Funnily, there's a lot more full-frontal male nudity in Filth than is displayed here, but that doesn't stop the director from pushing the story into some frankly disturbing moments. Many of them come at the expense of Korean culture, and the constant criticism from artists like Kim that its schools are producing a generation of juvenile fascists, and that justice is a nonconcept. No wonder the family scarcely bothers with the legal system when school kids bully the boy, or even about the fact that the mutilating matriarch just seems to have wandered off.
But that's common fare in many contemporary Korean movies.
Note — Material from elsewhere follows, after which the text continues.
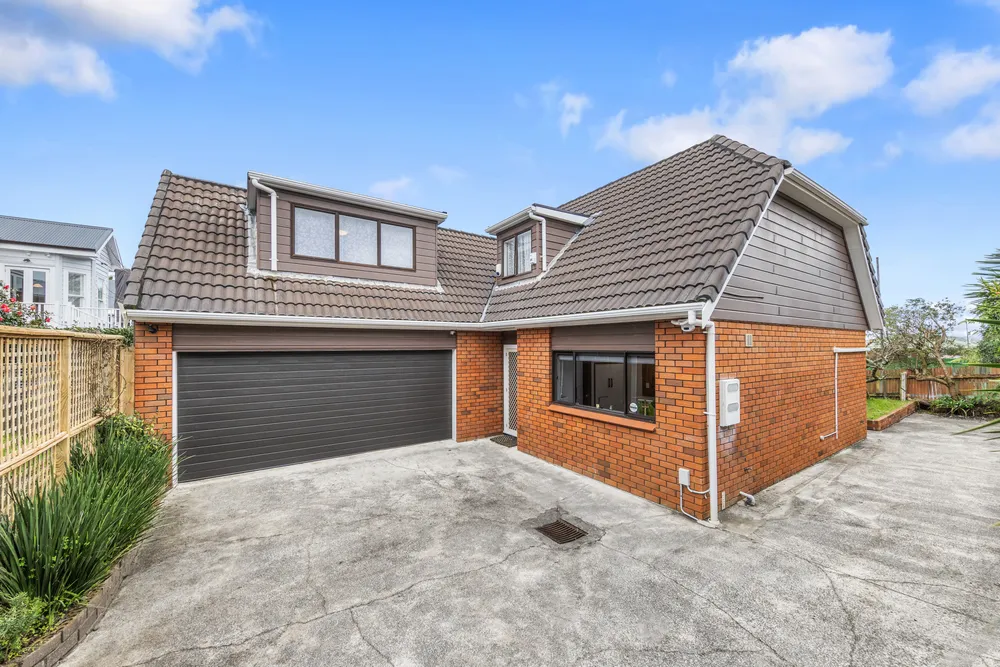 Photos of 2/119 St Andrews Road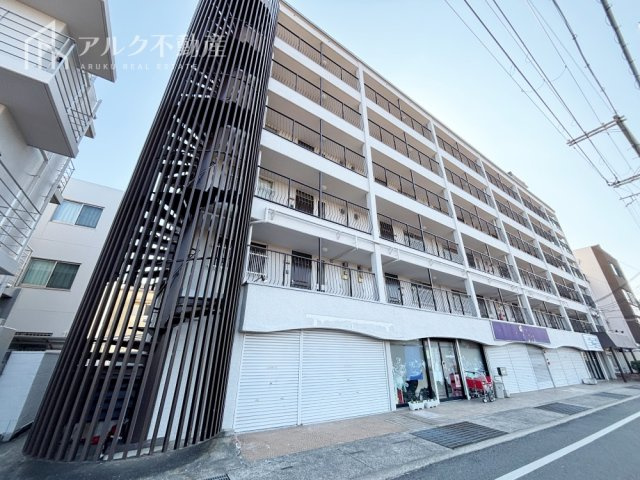 RC造地上6階建て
The point at which Kim pushes boundaries comes in the relationship between father, son, and sexuality. Just as a parent would help a crippled child with crutches, here the task is more taboo, and as the pair take deeper and stranger measures to find some solution to the boy's truncated puberty, their relationship becomes more strained. It quickly becomes one of the most incisive and tender commentaries on paraphilia and the rarely discussed issue of male genital mutilation. And then the mother returns, and the narrative takes a stomach-churning left turn.
This is pure arthouse horror, as the family dynamic becomes a psychosexual nightmare, one that some may find squirm-inducing, and others borderline ridiculous. While there are odd moments of blood, its reinterpretation of the term little death – as mutilation turns to self-mutilation, and self-sacrifice become becomes a demand for penance – is both haunting and disturbing.
The Double and Filth are available now on DVD and Blu-ray. Moebius is available now on VOD.